EXERCISE ▸ Your copy should hold only the lines from the one with "Українським шкуродерам тепер" to the one with "Crops growing on field against sky", both included, each exactly as it stands below, with no pictures.

MATERIAL TO PROCESS ▸
>>>

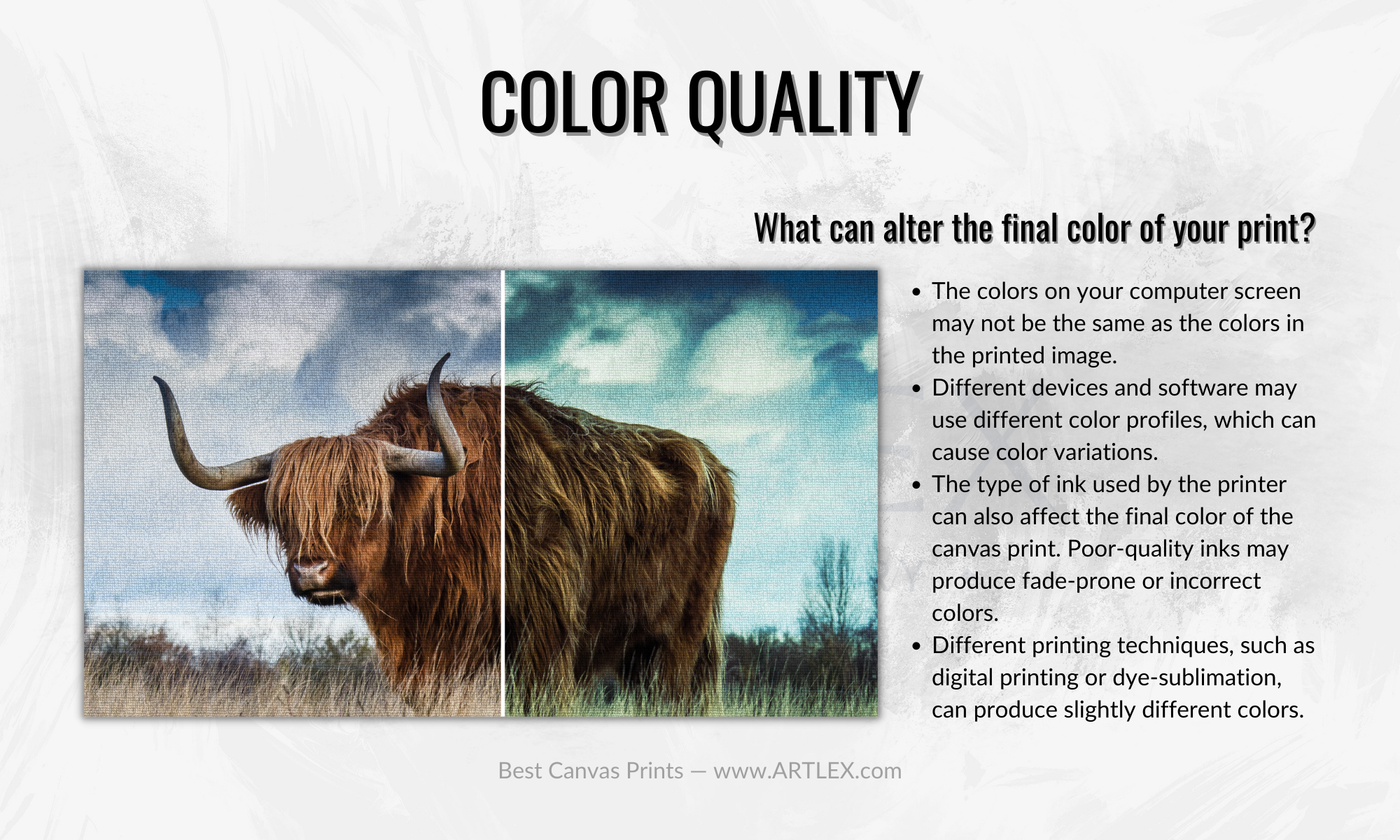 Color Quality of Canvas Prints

<<<
>>>

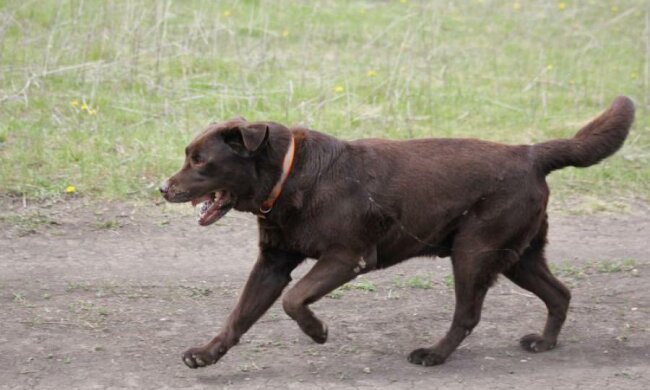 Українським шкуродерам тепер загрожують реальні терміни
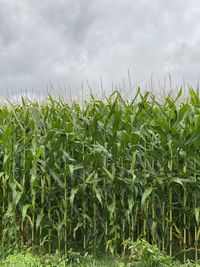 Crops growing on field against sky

<<<

EXERCISE RESULT ▸
 Українським шкуродерам тепер загрожують реальні терміни
 Crops growing on field against sky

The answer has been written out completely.